Interdisciplinary Computing and Complex BioSystems (ICOS) Group, School of Computing, Newcastle University, Newcastle upon Tyne NE1 7RU, UK.
Centre for Bacterial Cell Biology, Biosciences Institute, Faculty of Medical Sciences, Newcastle University, Newcastle upon Tyne NE1 7RU, UK.
Sensors (Basel). 2021 Apr 1;21(7):2436. doi: 10.3390/s21072436.
A goal of the biotechnology industry is to be able to recognise detrimental cellular states that may lead to suboptimal or anomalous growth in a bacterial population. Our current knowledge of how different environmental treatments modulate gene regulation and bring about physiology adaptations is limited, and hence it is difficult to determine the mechanisms that lead to their effects. Patterns of gene expression, revealed using technologies such as microarrays or RNA-seq, can provide useful biomarkers of different gene regulatory states indicative of a bacterium's physiological status. It is desirable to have only a few key genes as the biomarkers to reduce the costs of determining the transcriptional state by opening the way for methods such as quantitative RT-PCR and amplicon panels. In this paper, we used unsupervised machine learning to construct a transcriptional landscape model from condition-dependent transcriptome data, from which we have identified 10 clusters of samples with differentiated gene expression profiles and linked to different cellular growth states. Using an iterative feature elimination strategy, we identified a minimal panel of 10 biomarker genes that achieved 100% cross-validation accuracy in predicting the cluster assignment. Moreover, we designed and evaluated a variety of data processing strategies to ensure our methods were able to generate meaningful transcriptional landscape models, capturing relevant biological processes. Overall, the computational strategies introduced in this study facilitate the identification of a detailed set of relevant cellular growth states, and how to sense them using a reduced biomarker panel.

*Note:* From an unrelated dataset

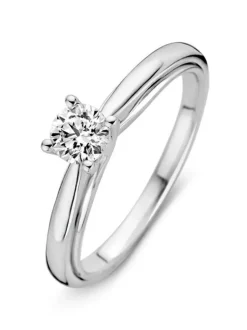 Witgouden solitair ring met briljant 0,40crt + Luxe cadeau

生物技术行业的目标是能够识别可能导致细菌群体生长不佳或异常的有害细胞状态。我们目前对于不同环境处理如何调节基因调控并带来生理适应的了解有限,因此很难确定导致其效果的机制。使用微阵列或 RNA-seq 等技术揭示的基因表达模式,可以为不同基因调控状态提供有用的生物标志物,这些标志物表明了细菌的生理状态。最好只有少数几个关键基因作为生物标志物,通过为定量 RT-PCR 和扩增子面板等方法开辟道路,降低确定转录状态的成本。在本文中,我们使用无监督机器学习从条件相关转录组数据构建转录景观模型,从中我们确定了 10 个具有不同基因表达谱的样本聚类,并与不同的细胞生长状态相关联。使用迭代特征消除策略,我们确定了一个由 10 个生物标志物基因组成的最小面板,在预测聚类分配方面实现了 100%的交叉验证准确性。此外,我们设计并评估了多种数据处理策略,以确保我们的方法能够生成有意义的转录景观模型,捕获相关的生物学过程。总体而言,本研究中引入的计算策略有助于确定一组详细的相关细胞生长状态,以及如何使用减少的生物标志物面板来感知这些状态。